GLT: It seems like you’ve had balance in your life. You got to perform with the most famous of people, yet you were tied to your home life in Brooklyn.
JB: Even now where I live Randy, when I come home after a tour I’m close to my sisters. I have a beautiful man in my life. When I come home, I don’t talk about show business. My sisters and I, we talk almost three times a day on the phone. I’m in the kitchen and we cook. I think you really need that, Randy, or you’re not going to enjoy the perks. The stress in the business can really kill you if you allow it to. I’ve seen friends of mine who are major names in show business to respect their privacy I would never say who they are. I have seen this business destroy them. You’re never young enough, good enough, tall enough, you’re too Jewish, you’re too short, you’re too tall, you sing too high, you sing too low. I mean you could be a major name and they still treat you like you’re a chorus girl. I’ve seen it destroy people.
GLT: Good for you for keeping that balance.
JB: I wanna survive it. The idea is to be in it for the long haul.
GLT: Is there any venue you want to perform at that you haven’t or any performer you wanted to perform with that you haven’t?
JB: You’re going to laugh when I say this, but my grandmother when I was a little girl, my grandmother is from Europe. She would say to me, ‘You must go to Vienna to see the opera. And you must go to L’Escala and you must go to Italy and you must go to the fine places where the finest classic work is done.’ I know I don’t do that kind of work and I know that probably a singer who sings the classics I sing probably would not perform there, but I would have loved to sing at L’Escala. I think that would be just heaven.
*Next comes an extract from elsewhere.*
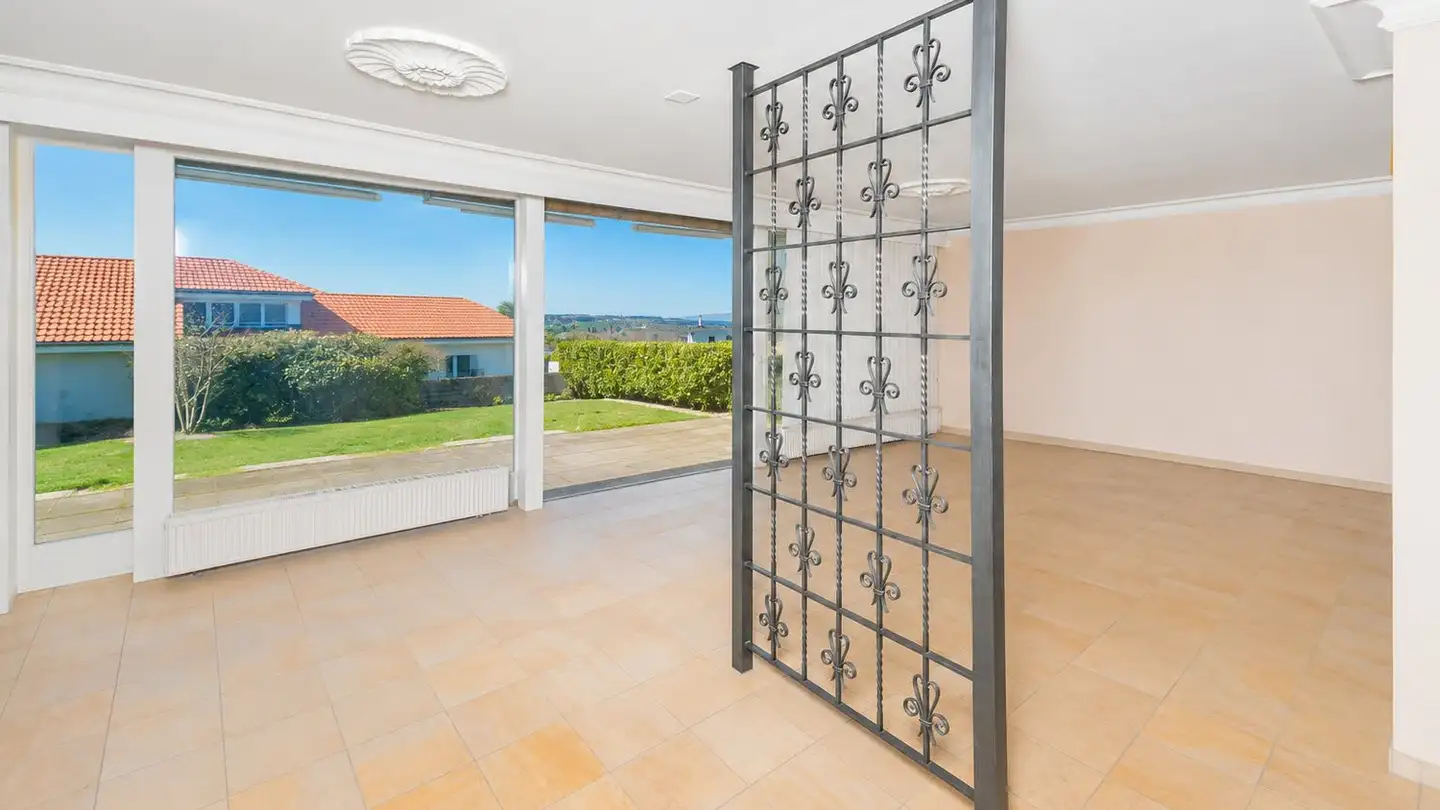 Maison jumelle à vendre - Rütiweidhalde 3, 6033 Buchrain - Photo 2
GLT: You’ve had an amazing career. With all the twists and turns, the way things come together, it may just happen one day.
JB: Isn’t it cool that we can see that the twists and turns can throw in the beauty. You know you come very well prepared. You have such a wonderful energy and you’re such a beautiful energy to talk to.
GLT: Well thank you for such a wonderful compliment. I’ve really enjoyed talking with you also. Hopefully we’ll still have this weather for you when you get here.
JB: God knows I’m going to be looking for it.